We recently installed a Dripworks drip irrigation system for Mary’s garden and, of course, pre-assembled the emitter / dripline tubing, fittings, and supply / filter / plumbing for each of the beds in the Basement Shop. A few days after burying the main lines, plumbing the filter + pressure regulator, and plugging in half a dozen bed assemblies, Mary noticed some emitter tubes weren’t delivering any water and other beds seemed too dry.

N.B.: We bought everything directly from Dripworks. This is not counterfeit crap from a sketchy Amazon seller.

I cut the dripline just downstream of the Micro-Flow valve on a completely dry bed, whereupon no water emerged. Cutting the supply tube just upstream of the valve produced a jet squirting halfway along the bed. I tried and failed to blow air through the valve: it was completely blocked despite being in the “open” position. I installed another valve and the emitter tube started working properly.

I sat down at the kitchen table with a bag of unused valves and peered through them (the pix are through the microscope):

Dripworks valve - mostly open lumen
Dripworks valve – mostly open lumen

That’s one of the better-looking valves, with only a little mold flash in the lumen.

Partially occluded lumens were more typical:

Dripworks valve - partially occluded lumen
Dripworks valve – partially occluded lumen

Quite a few were almost completely obstructed:

Dripworks valve - mostly occluded lumen
Dripworks valve – mostly occluded lumen

For lack of better instrumentation, I blew through the valves and sorted them by effort:

Dripworks valve - sorted by blockage
Dripworks valve – sorted by blockage

Two of the valves in the group on the left are completely blocked, with the others mostly blocked.

The middle group has enough mold flash to produce noticeable resistance to the air flow.
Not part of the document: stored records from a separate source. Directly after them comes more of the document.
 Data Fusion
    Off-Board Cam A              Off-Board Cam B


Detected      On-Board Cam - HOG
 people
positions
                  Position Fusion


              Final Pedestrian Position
I think water would have more trouble getting through, but the emitters would at least look like they’re delivering water.

The group on the right has mostly unblocked valves, with visible mold flash but little restriction.
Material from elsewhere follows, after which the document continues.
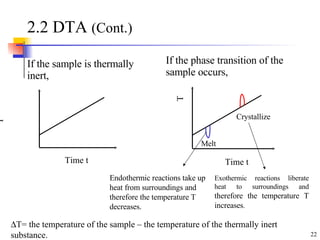 2.2 DTA  (Cont.) If the sample is  thermally  inert ,   If the phase transition of the sample occurs,   T Time t T Time t Crystallize Melt Endothermic reactions take up heat from surroundings and therefore the temperature T decreases. Exothermic reactions liberate heat to surroundings and  therefore the temperature T increases .  T= the temperature of the sample – the temperature of the thermally inert substance.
I have no way to measure the actual water flow, so it’s entirely possible the QC spec allows considerable blockage while still delivering enough water to the emitters. More likely, the spec assumes a clear lumen and the mold flash is a total QC faceplant; it’s obviously not a controlled quantity.

Well, I can fix that:

Dripworks valve - drilling
Dripworks valve – drilling

That’s a 2.3 mm drill going straight through the valve body. I drilled the valves from both ends and blew out the swarf:

Dripworks valve - drill swarf
Dripworks valve – drill swarf

That produced twenty valves with clear lumens. Of course, the drill leaves a slightly rough interior surface, but it’s now much easier to blow air through them.

We hadn’t installed the driplines in two beds with three emitter tubes per bed. I cut out those six unused valves and sorted them by resistance:

Dripworks valve - six samples
Dripworks valve – six samples

Both of the valves on the left are blocked, the three on the right are mostly OK, and the one in the middle is partially blocked.

With two dozen repaired valves in hand, we returned to the garden, I cut 22 valves out of the installed driplines and replaced them under field conditions. Returning to the Basement Laboratory, I blew the water out (*), sorted them by resistance, and produced a similar distribution, albeit with no pictorial evidence. Although we have no immediate need for the used valves, they’re drilled out and ready for use.

In very round numbers, you should expect:

  • A third of Dripworks valves will pass (close to) the expected flow
  • A third will have a minor flow restriction
  • A quarter will have a severe flow restriction
  • One valve in ten will be completely blocked

Plan to drill out all the Micro-Flow valves before you assemble your driplines.

AFAICT, none of the other ¼ inch fittings we used have any interior flash, so it’s only a problem with the valves.

We are, as the saying goes, not amused.

(*) If you will eat a peck of dirt before you die, I’m well on my way.